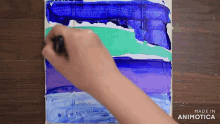 a person is painting a blue and green painting on a wooden table .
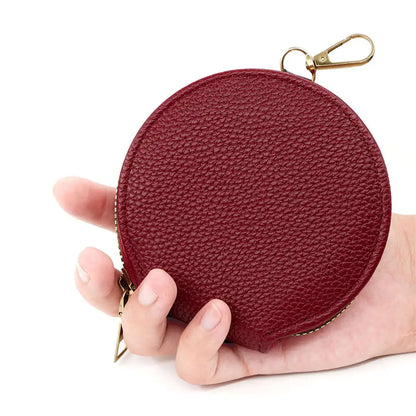 Round red leather coin purse with gold zipper held in a hand against a white background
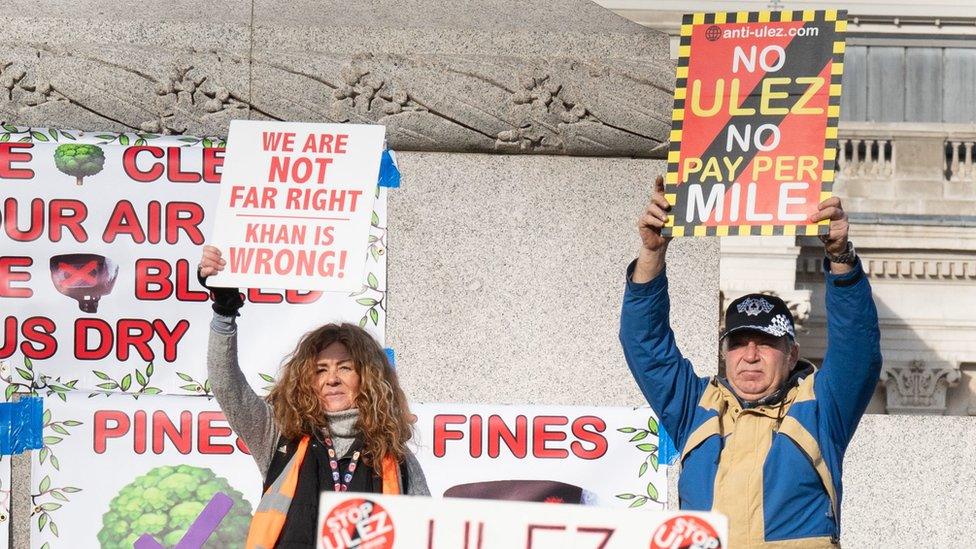 Protestors holding signs at Ulez demonstration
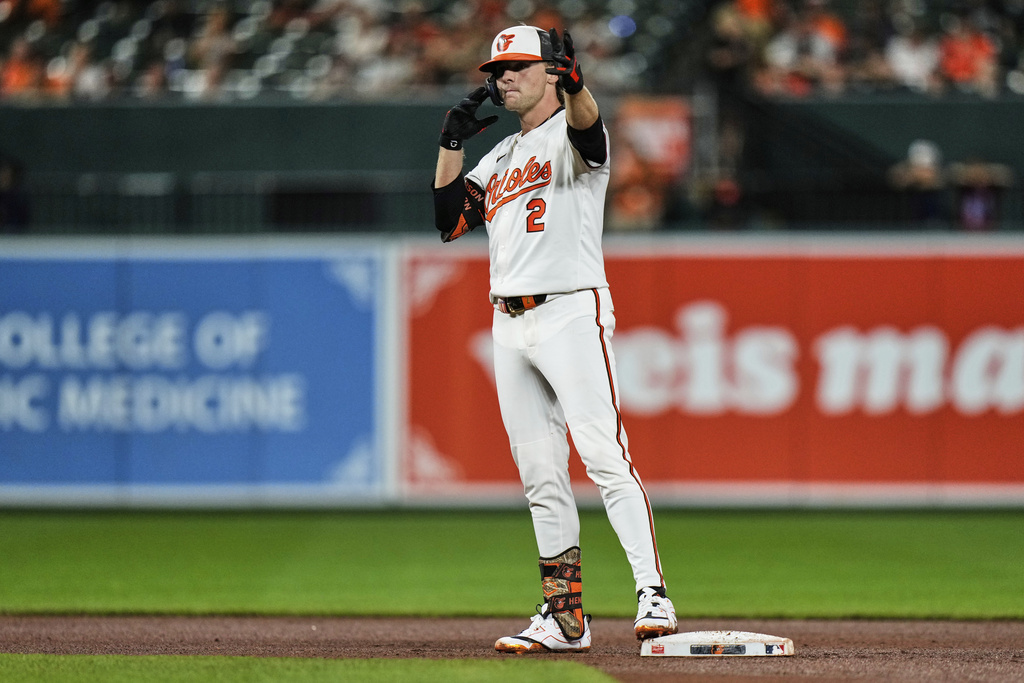Baltimore Orioles' Gunnar Henderson celebrates after hitting a double during the fourth inning of a baseball game against the Seattle Mariners, Wednesday, Aug. 13, 2025, in Baltimore. (AP Photo/Stephanie Scarbrough)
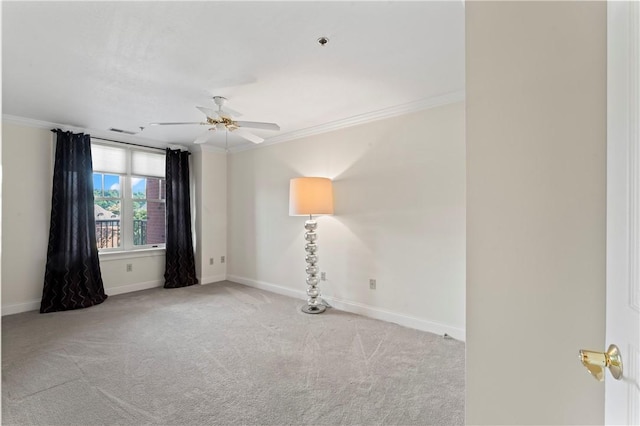 carpeted spare room with crown molding and ceiling fan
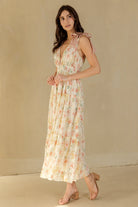 Woman wearing a cream floral dress against a beige background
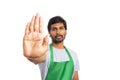 Storekeeper holding palm as stop gesture
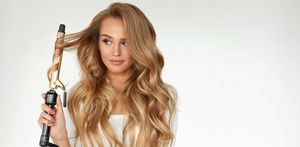 Curly Hair. Beautiful Woman Curling Long Wavy Hair With Iron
• • • • • • •
- WHAT THE TASK ASKS: Exactly as written, repeat the lines of the material above from the first through the line holding "Protestors holding signs", with both ends in the copy and no pictures.

- REPLY TO THE EXERCISE:
 a person is painting a blue and green painting on a wooden table .
 Round red leather coin purse with gold zipper held in a hand against a white background
 Protestors holding signs at Ulez demonstration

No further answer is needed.